Benoit Van Keirsbilck

(1) C’est le sous-titre de l’émission, mais il s’agissait du TJ de Mons semble-t-il.

(2) À la fin de l’émission, les juges et greffiers se réunissent autour d’une table avec du bon vin pour «déstresser»; même si c’est compréhensible et certainement nécessaire, cette image est aussi un coup de poing dans la figure des justiciables qui eux, n’ont certainement pas l’occasion de faire la même chose. Un passage sur le fait que les familles pauvres ne participent pas au financement de la société est même hallucinant ; la société «c’est nous, les juges».

(3) https://medor.coop/nos-histoires/

(4) Dans le même ordre d’idées, on ne peut que conseiller de voir ou revoir le film La tête haute dans lequel Catherine Deneuve incarne une juge ferme mais respectueuse de Malory et sa mère en faisant preuve d’une empathie lucide.

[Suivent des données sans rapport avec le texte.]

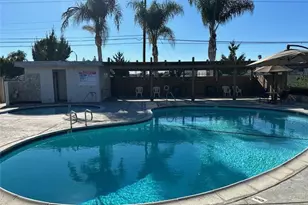 1305 Cameo Ln, Fullerton, CA 92831 - Photo 17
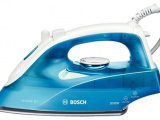 Утюг Bosch TDA 2610 0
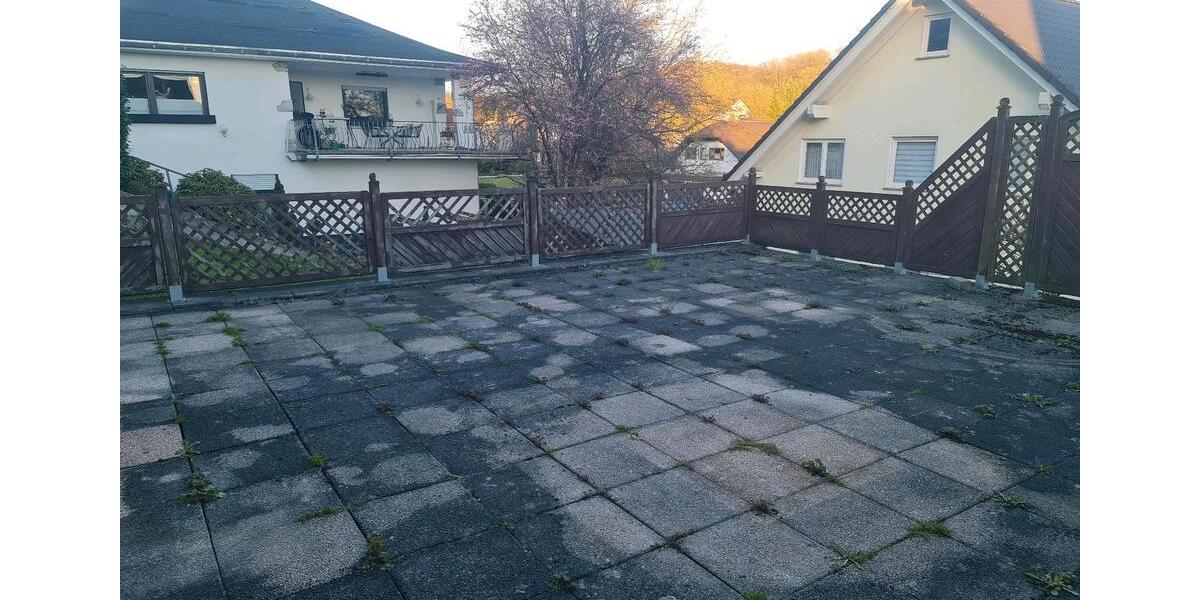 Erdgeschoßwohnung Hellenhahn-Schellenberg Schellenberg - 4 Zimmer, 140 m&sup2;, 830&euro; | Angebot:25995728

(5) www.dei-belgique.be/index.php/projets/en-cours/youthlab.html

(6) Il se réunit autour du Service de lutte contre la pauvreté et l’exclusion sociale : www.luttepauvrete.be/themes/aide-a-la-jeunesse/

 

Ici et ailleurs

Cour constitutionnelle

Madame Emmanuelle Bribosia, juriste, docteure en droit, spécialiste du droit européen, des droits et libertés, du droit à l’égalité et à la non-discrimination, professeure à l’ULB, est nommée juge à la Cour constitutionnelle (A.R. 29/10/2021) ; elle a prêté serment le 8 novembre 2021. Félicitations à elle.

De l’éligibilité …

L’âge à partir duquel on peut être élu au Parlement européen vient d’être abaissé de 21 à 18 ans en Belgique.

Ce changement est cohérent avec le fait que c’est à partir de cet âge-là qu’on est éligible pour les divers parlements belges et, dans la plupart des autres pays de l’Union, pour le parlement européen.

Notons que l’âge moyen d’un député européen est de 49,5 ans, contre 53 il y a cinq ans. Aux dernières élections, la plus jeune eurodéputée, originaire du Danemark, avait 21 ans et fut la plus jeune de l’histoire du Parlement européen.

L’eurodéputé le plus âgé, un Italien, avait 82 ans. On peut donc relativiser cette modification ; le Parlement européen, pas plus que les autres parlements, ne va devenir un parlement jeunesse.